I thought of that session the week before. It had taken me almost five hours to persuade Keller and Abramson that their original version of the note was wrong, but a great deal was at stake. An editor's note is not just one of those standard corrections published on page 2. It is the paper's equivalent of a papal bull: an acknowledgment that something terrible has happened. Two months earlier, Keller had rejected a request for a review of the paper's Iraq War–related reporting from Daniel Okrent, the
Times
's newly minted “public editor.” Soon after becoming executive editor, Keller wrote Okrent an email that Okrent subsequently put online, saying that he had reviewed my WMD coverage and had not seen a “prima facie case for recanting or repudiating the stories.” Charges that our coverage had been “insufficiently skeptical” were “an easier claim to make in hindsight,” he wrote. Keller had called me a “smart, well-sourced, industrious and fearless reporter with a keen instinct for news, and an appetite for dauntingly hard subjects.” My early Osama bin Laden coverage was “uniquely foresighted before 9/11” and had been “at least partly responsible for one of our Pulitzers.” Like many “aggressive reporters,” I had sometimes “stepped on toes,” but that was hardly “grounds for rebuke.”

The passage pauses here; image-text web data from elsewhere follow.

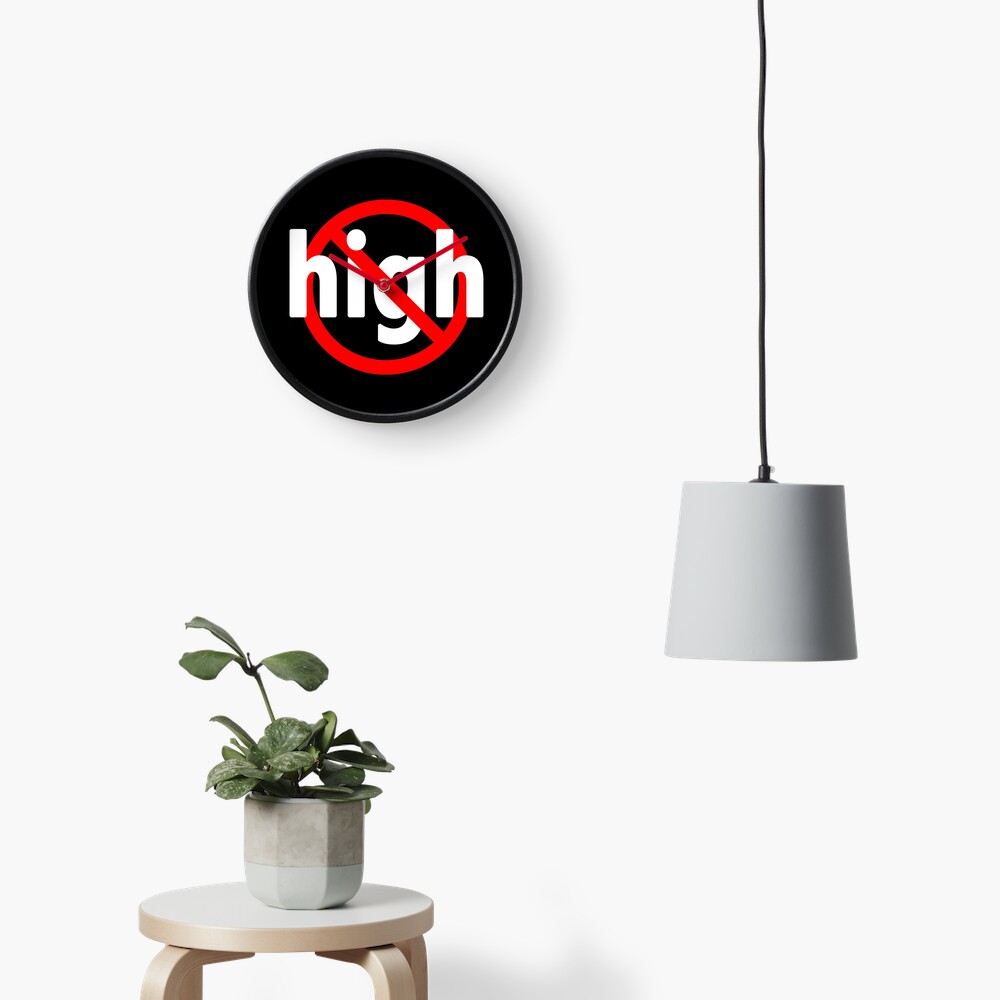 Not High - Sober Clock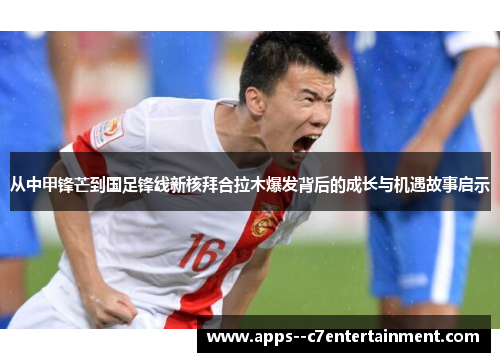 从中甲锋芒到国足锋线新核拜合拉木爆发背后的成长与机遇故事启示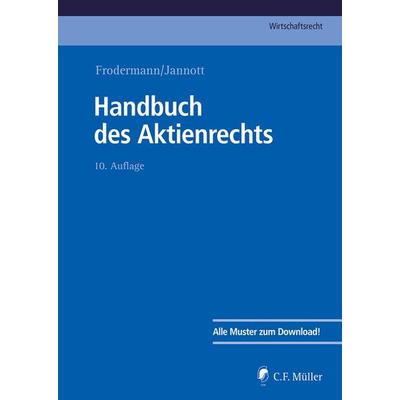 Handbuch des Aktienrechts, Gebundene Ausgabe von Björn Gaul,Richard Backhaus,Alexander Dörrbecker,Thomas Jansen,Christoph Eiff, C.F. Müller,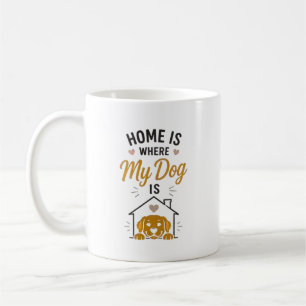 Home Is Where My Dog Is Dog Lover Typography Coffee Mug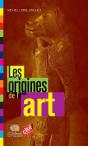 Les Origines De L'Art (Édition 2017) - Preview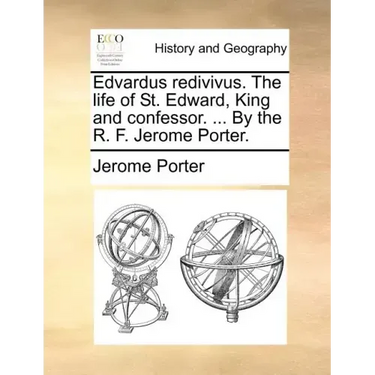Edvardus Redivivus. the Life of St. Edward, King and Confessor. ... by the R. F. Jerome Porter.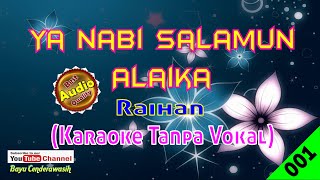 Ya Nabi Salamun Alaika by Raihan Original AudioHQ  Karaoke Tanpa Vokal [upl. by Shellie]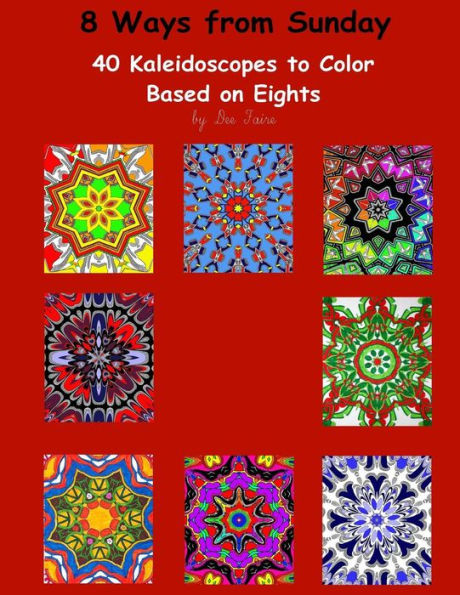 8 Ways from Sunday: 40 Kaleidoscopes to Color Based on Eights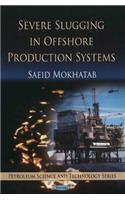 Severe Slugging in Offshore Production Systems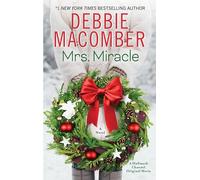 Mrs. Miracle : A Novel
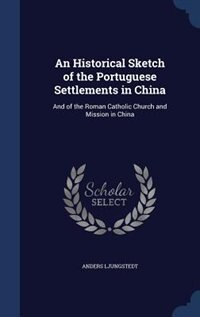 Front cover_An Historical Sketch of the Portuguese Settlements in China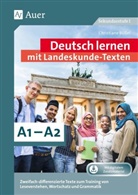 Christiane Bößel - Deutsch lernen mit Landeskunde - Texten A1 - A2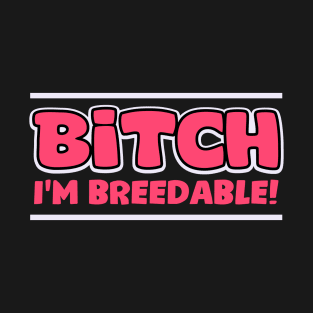 Bitch Im Breedable dark T-Shirt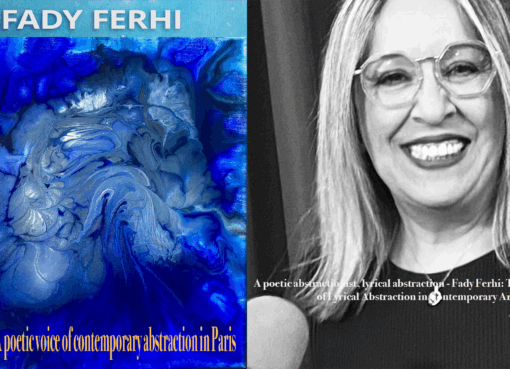 Fady Ferhi: A poetic voice of contemporary abstraction in Parisic voice of contemporary abstraction in Paris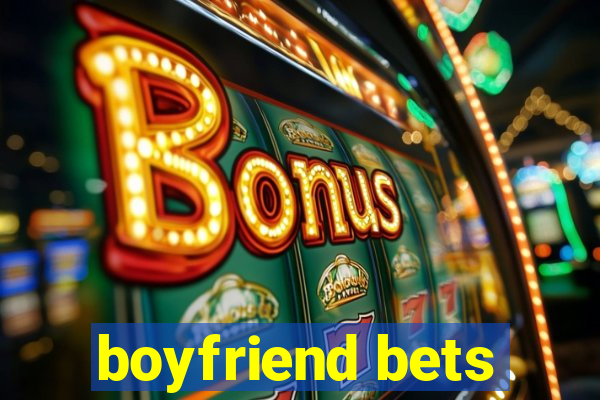 boyfriend bets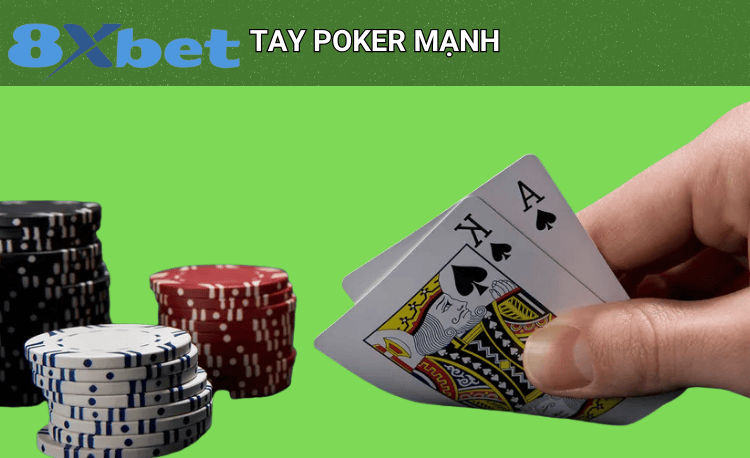 tay poker mạnh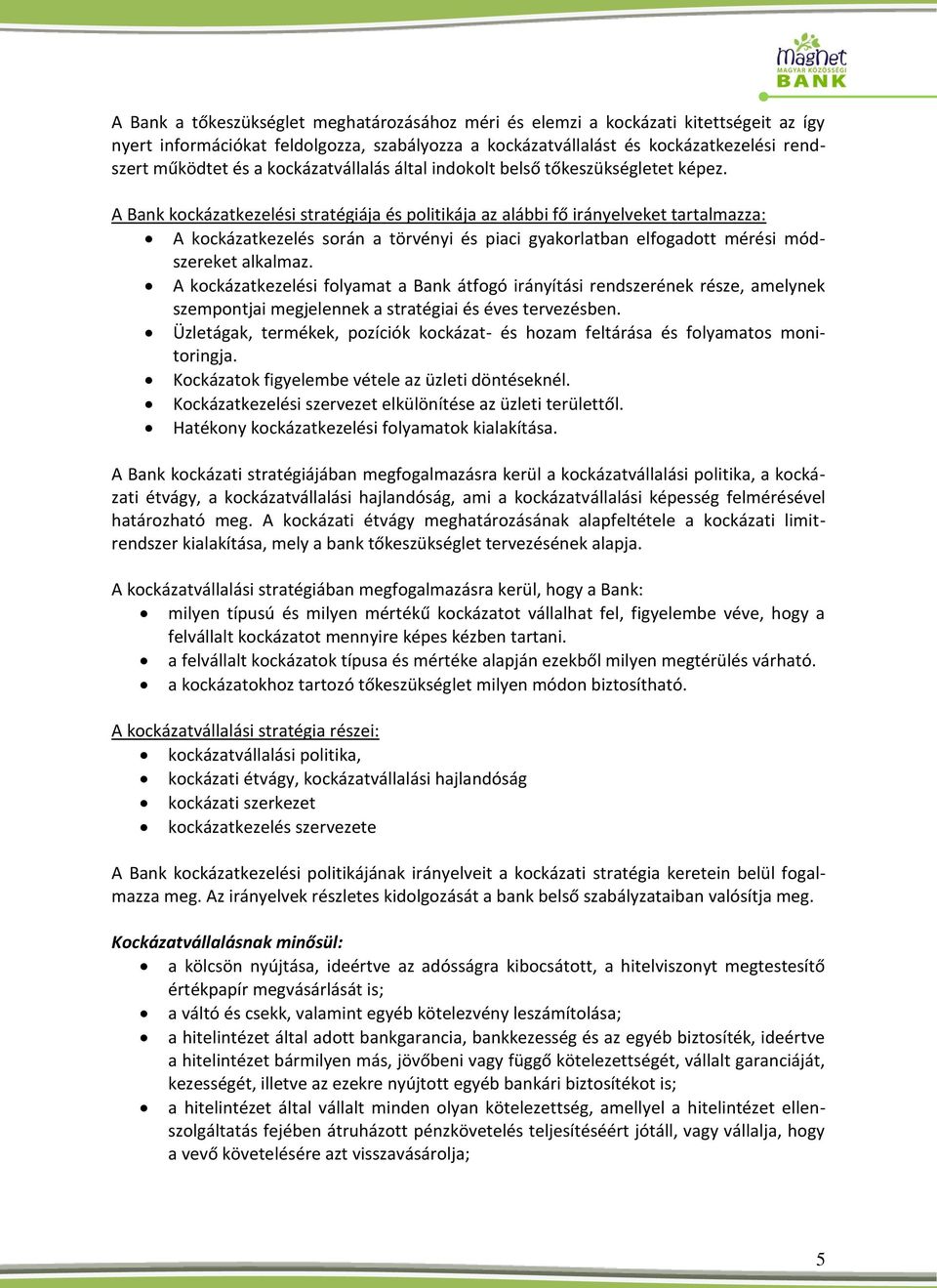 A Bank kockázatkezelési stratégiája és politikája az alábbi fő irányelveket tartalmazza: A kockázatkezelés során a törvényi és piaci gyakorlatban elfogadott mérési módszereket alkalmaz.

Publisher Arthur Sulzberger Jr. defended me, too. Challenged about my Iraqi WMD reporting in March 2004 at a college newspaper convention in New York City, he said that he had known me “for decades” and that I had “fabulous sources.”
3
“Were her sources wrong? Absolutely,” he said. “Her sources were wrong. And you know something? The administration was wrong. And when you're covering it from the inside like that, you're going to get things wrong sometimes.” He blamed the Bush administration for “believing its own story line.”

While I welcomed Arthur's defense, I had not parroted the administration's line. I had struggled to verify every published tip. Still, I was pleased that Arthur was unwilling to let antiwar critics scapegoat me for the intelligence community's failure.